The Rock Rats by Ben Bova. Chapter 21, 22, 23, 24, 25, 26

Amanda’s heart sank. I’m the cause of all this, she realized all over again. I’ve turned this sweet, loving man into a raging monster.

“I’d like to smash his face in,” Fuchs growled. “Kill him just as he’s killed so many others.”

“The way you killed that man in the Pub,” she heard herself say.

He looked as if she had slapped him in the face.

Shocked at her own words, Amanda said, “Oh, Lars, I didn’t mean—”

“You’re right,” he snapped. “Absolutely right. If I could kill Humphries like that, I’d do it. In a hot second.”

She reached up and stroked his cheek as gently, soothingly as she could. “Lars, darling, please—all you’re going to accomplish is getting yourself killed.”

He pushed her hand away. “Don’t you think I’m already marked for murder? He told me he would have me killed. You’re a dead man, Fuchs. Those were his exact words.”

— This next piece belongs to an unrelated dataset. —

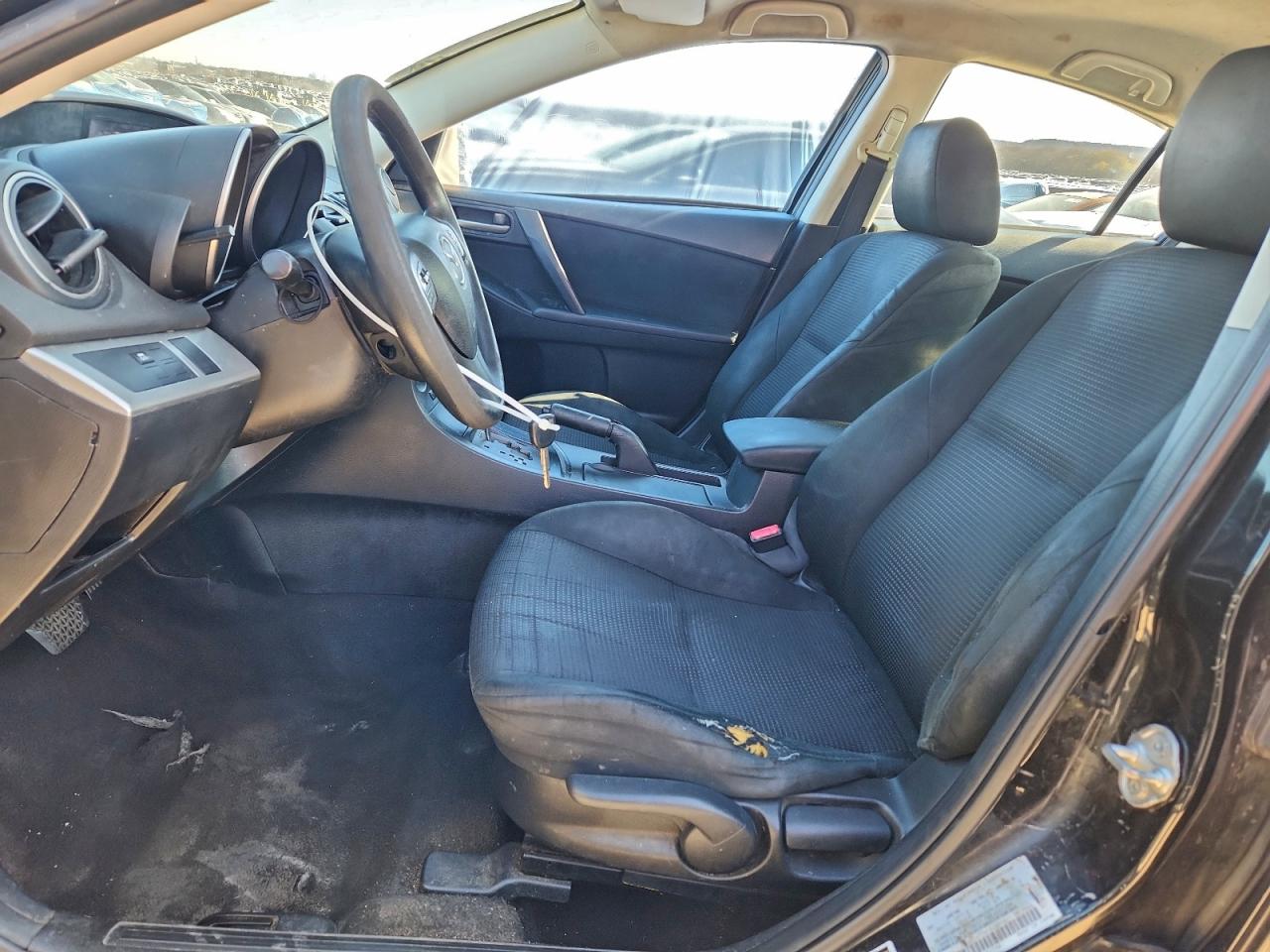 2013 MAZDA 3 I photo 13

Amanda closed her eyes. There was nothing she could do. She knew that her husband was going to fight, and there was nothing she could do to stop him. She knew he would get himself killed. Worse, she saw that he was turning into a killer himself. He was becoming a stranger, a man she didn’t know, didn’t recognize. That frightened her.

“And to what do I owe the pleasure of your visit?” asked Carlos Vertientes.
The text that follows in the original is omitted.